[Draft Covenant of the League of Nations.]?Paris: February, 1919 Stock Code: 132162
"A living thing is born"First and only printing of this original draft, docketed on the front wrapper by Louis L. Strauss, Herbert Hoover's assistant in Paris: "One of the first 100 copies of the original draft. Read by Woodrow Wilson at Paris, Feb. 1919". Library Hub locates just six copies of this draft: Peace Palace Library, Huntington, Princeton, Harvard Law School, Wellesley, Missouri.
Drafted by Cecil Hurst, principal legal advisor to the Foreign Office, and David Hunter Miller, a member of Woodrow Wilson's investigative group "the Inquiry" and chief of the legal section of the American Commission to Negotiate Peace, the draft was presented on 14 February 1919. In the ensuing four months a designated commission met on ten occasions to thrash out the terms of the founding covenant, attempting to overcome major objections raised by various participants.
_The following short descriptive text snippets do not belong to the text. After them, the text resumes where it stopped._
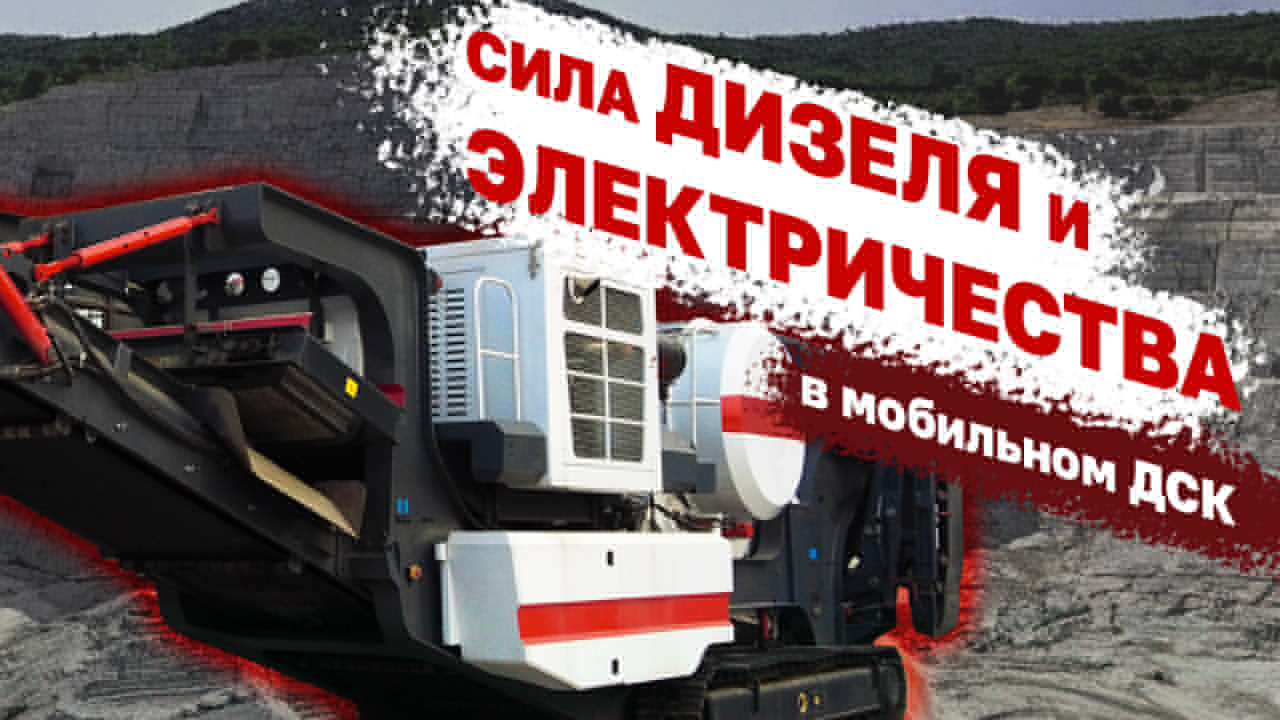 Оформление YouTube канала — Изображение №7 — Графика на Dprofile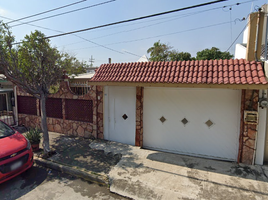3 Schlafzimmer Villa zu verkaufen in Veracruz, Veracruz, Veracruz, Veracruz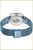 Orologio da uomo Bering Classic 14240-809 • Vetro zaffiro antigraffio • Bracciale milanese raffinato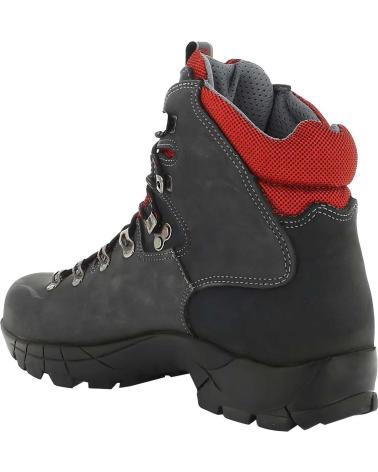 Bottines-De-Hombre-CHIRUCA-BOTAS-DYNAMIC-05-GORE-TEX-PARA-HOMBRE-EN-COLOR-NEGRO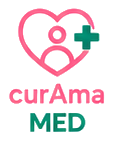 curAma MED
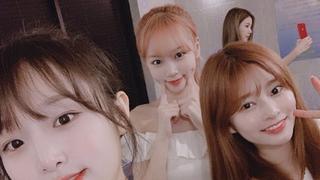 와이거 22 일이죠 ㅜ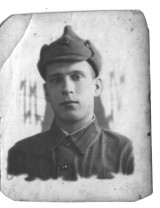 Канчиков Дмитрий Иванович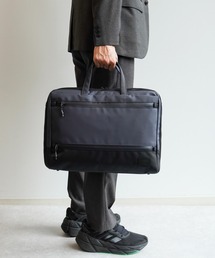 MACKINTOSH PHILOSOPHY｜マッキントッシュ フィロソフィーの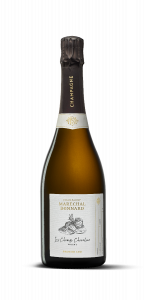 Champagne Maréchal Bonnet Les Champs Chevalier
A revised draft was finally approved on 11 April 1919, but without resolving key questions such as national and racial equality, and what practical methods of enforcement could be applied to the League's mandates. Despite this the treaty entered into force on 10 January 1920.
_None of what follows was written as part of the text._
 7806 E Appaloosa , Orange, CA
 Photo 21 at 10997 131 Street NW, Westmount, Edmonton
However, for America Article X - which undertook "to respect and preserve as against external aggression the territorial integrity and existing political independence of all States members of the League" - remained highly contentious for isolationist elements in government and Senate refused to ratify it. Nonetheless this statement, and the striving for mutual understanding that it represents, is a foundation document in the history of international co-operation. As Woodrow Wilson declared when presenting the Covenant at Versailles, "a living thing is born".
From the estate of Louis Lichtenstein Strauss (1896-1974). Strauss left the family wholesale shoe business when America entered the First World War in 1917 and took himself to Washington where he persuaded Herbert Hoover to give him a job in the newly formed Food Administration. Impressed with Strauss, Hoover took him on as his private secretary, Strauss accompanying him to Paris at the end of the war to assist in running the American Relief Administration. A distinguished career in banking followed. During the Second World War he was the only naval reservist to rise to the rank of rear admiral for his work for the Bureau of Ordnance, and in 1946 he became the first chairman of the US Atomic Energy Commission. A well provenanced and preserved copy of this world-historical document.
4 single leaves (300 x 210 mm), printed rectos only, wire-stitched in original pale green hammer-finish card wrappers, letterpress title as above.
Staples renewed slightly askew from their original positions, mild rust-marks, wrappers otherwise clean and sharp, paper uniformly toned, overall very good.